Ah, he has struck a chord at once. Surely you visualize the smile that will go round the circle of men deep in their cane chairs. "I was walking down the Strand!" Can you begin a story in the tropics in a more arresting way? You set a whole flock of memories a-flying....
What sentimental journeys the Strand has seen.
You must have been stopped at some time near the Adelphi by a burnt-up, middle-aged man who asks the way to a bar or a restaurant unknown to you. When you say you don't know it, a disappointed look creeps into his eyes, and he apologizes and goes off, very straight and lonely, in the crowd.

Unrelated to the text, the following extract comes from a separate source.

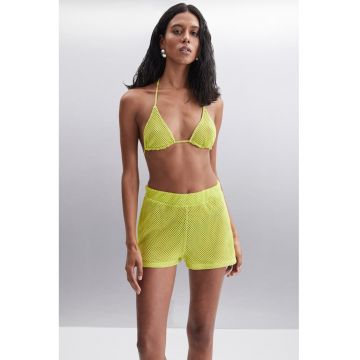 Sutien de baie cu cupe triunghiulare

Conrad in quest of his youth? Perhaps. Possibly for years, while he waited for leave, he was promising himself a visit to this place. No doubt the stars saw him sitting out alone at night thinking of it, hearing the thunder of the Strand, seeing its lights, and himself slipping into his old seat at a corner table where he used to sit with old X, who was killed in "British East." ...
All the time the Strand was altering, denying such exiles their beloved landmarks.
* * *
So they drift a little sadly and disconsolately along the Strand, feeling as you feel when, after a long absence, you visit a place known to you when you were a child. Nothing is so big as you thought, nothing so impressive as once it was. That tiny paddock was once a prairie—that small house a castle.
The Strand to them is somehow different—cheaper, smaller, vaguely disappointing. Those pale-faced men hurrying along. How strange. What an altered atmosphere! And where are those lovely little faces that used to look from beneath Merry Widow hats?